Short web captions
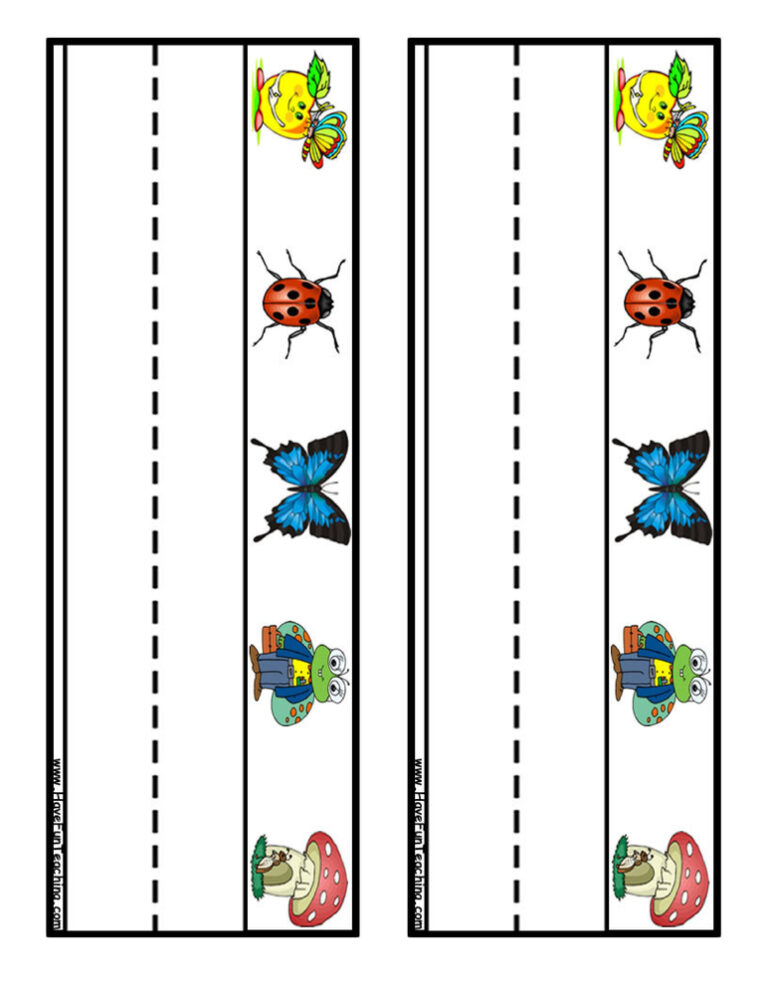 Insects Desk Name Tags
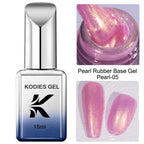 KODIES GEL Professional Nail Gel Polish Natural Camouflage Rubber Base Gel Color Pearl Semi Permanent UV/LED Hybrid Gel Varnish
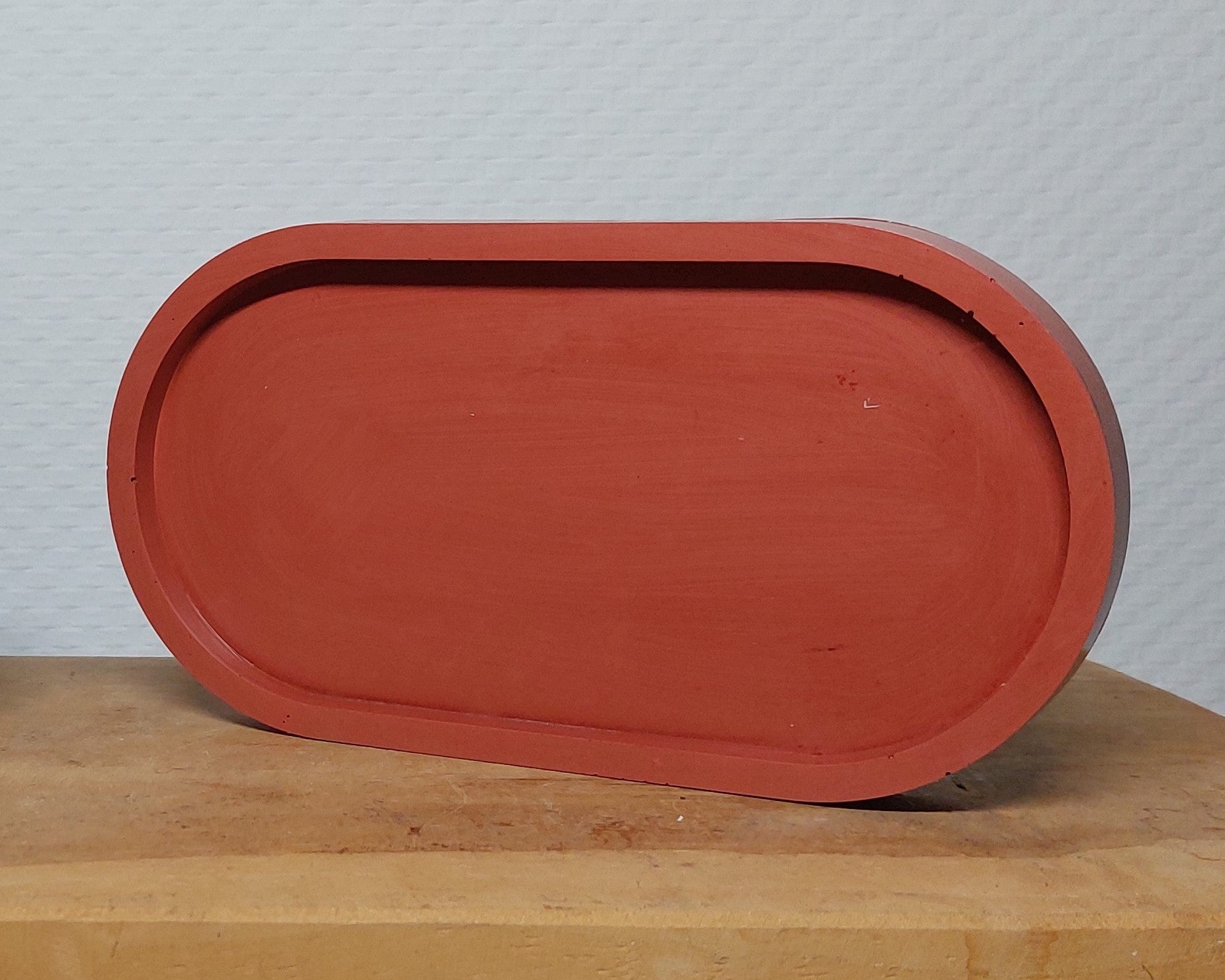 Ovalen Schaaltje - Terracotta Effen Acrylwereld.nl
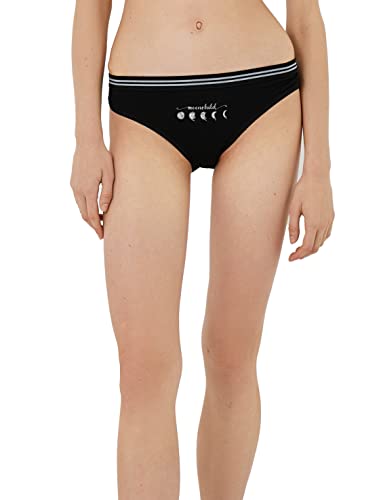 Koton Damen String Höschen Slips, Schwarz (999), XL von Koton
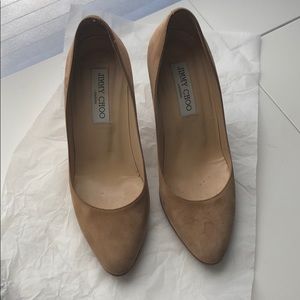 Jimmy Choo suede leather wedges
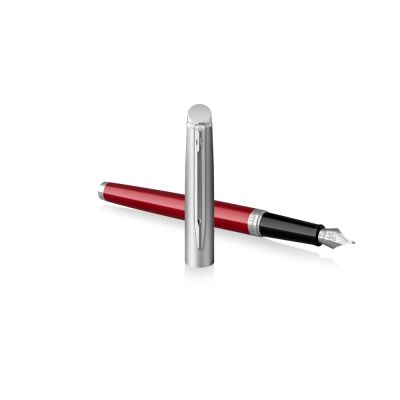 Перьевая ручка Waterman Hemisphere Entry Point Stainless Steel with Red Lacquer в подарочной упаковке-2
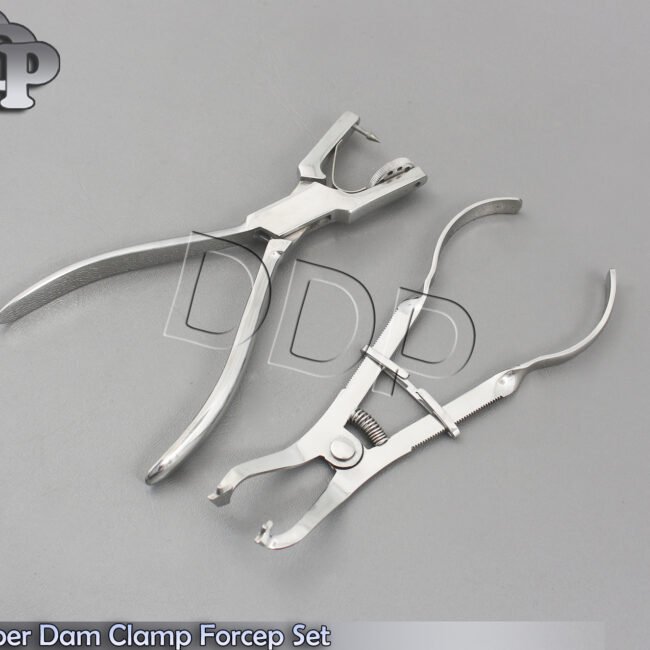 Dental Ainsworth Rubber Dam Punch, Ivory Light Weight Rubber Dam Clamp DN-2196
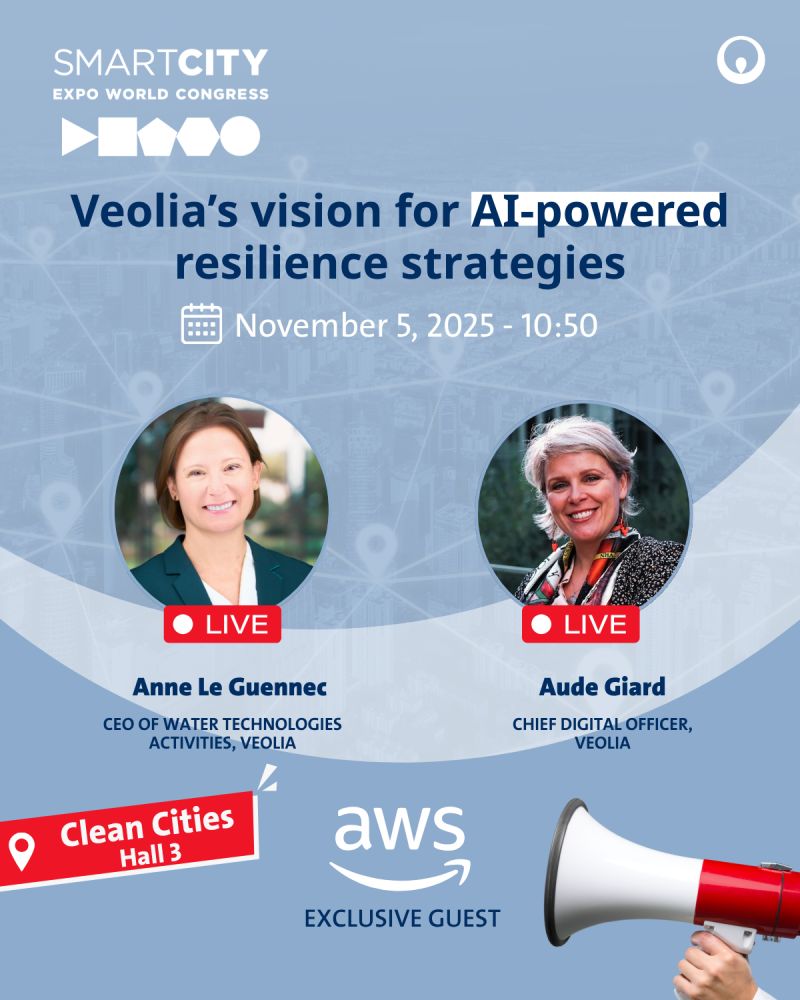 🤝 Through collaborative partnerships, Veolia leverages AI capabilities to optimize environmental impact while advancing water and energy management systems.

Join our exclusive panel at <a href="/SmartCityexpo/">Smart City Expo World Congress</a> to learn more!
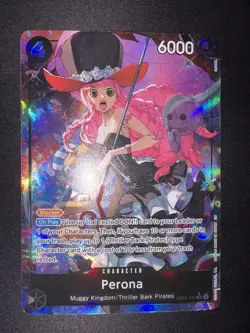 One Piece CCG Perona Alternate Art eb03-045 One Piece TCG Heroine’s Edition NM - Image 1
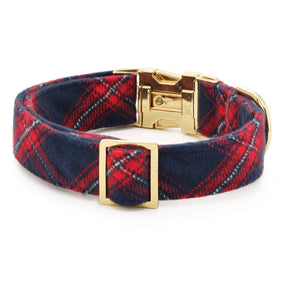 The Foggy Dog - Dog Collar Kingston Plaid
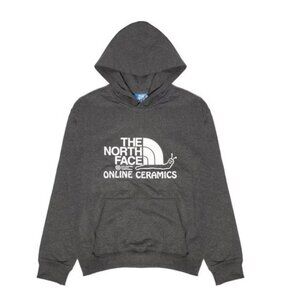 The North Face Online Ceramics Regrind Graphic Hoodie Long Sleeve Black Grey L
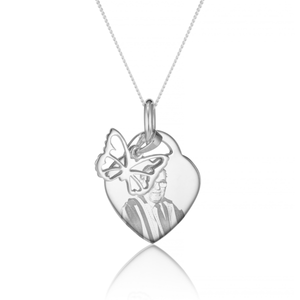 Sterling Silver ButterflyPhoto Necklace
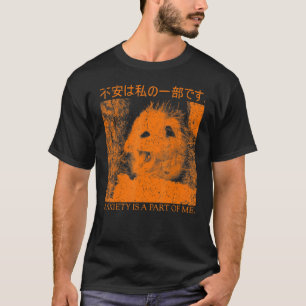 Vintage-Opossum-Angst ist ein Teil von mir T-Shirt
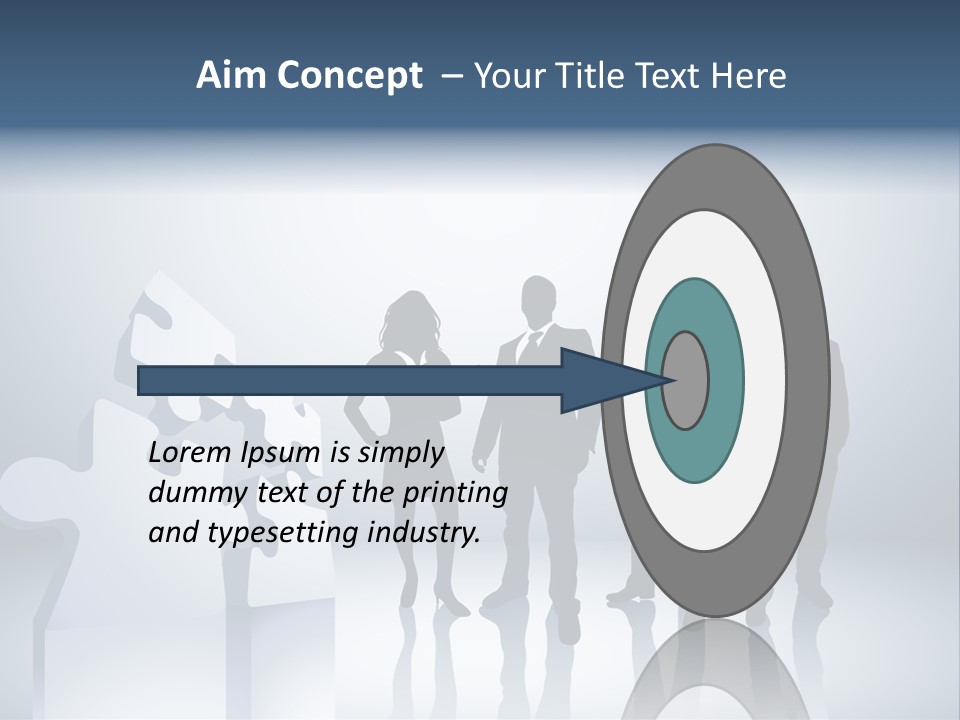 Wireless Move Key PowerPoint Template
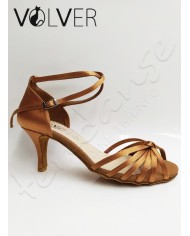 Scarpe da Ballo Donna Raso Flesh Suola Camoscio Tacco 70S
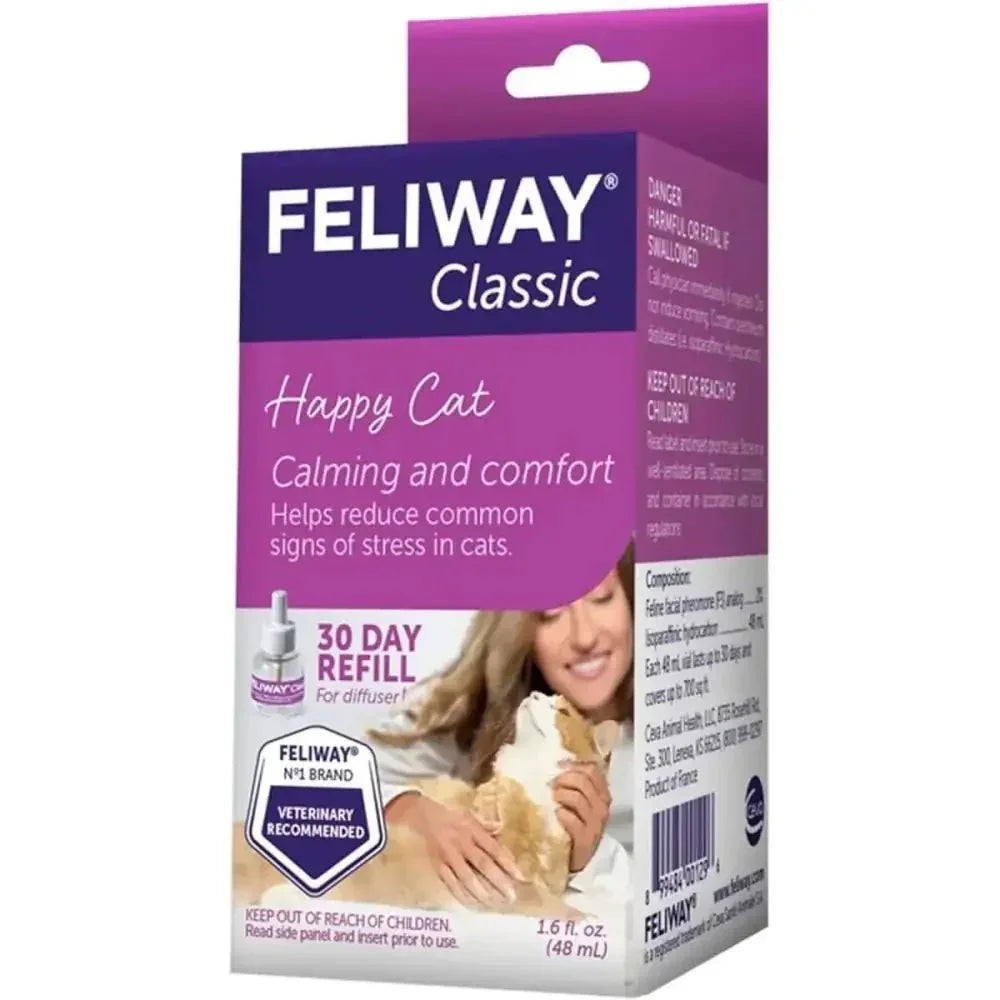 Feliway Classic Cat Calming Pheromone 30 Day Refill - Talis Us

* _Task to carry out_: Return nothing but the lines running from the start of the data to the line with "Ovalen Schaaltje - Terracotta", please, both ends included and no pictures.

* _Completed exercise_:
 Insects Desk Name Tags
 KODIES GEL Professional Nail Gel Polish Natural Camouflage Rubber Base Gel Color Pearl Semi Permanent UV/LED Hybrid Gel Varnish
 Ovalen Schaaltje - Terracotta Effen Acrylwereld.nl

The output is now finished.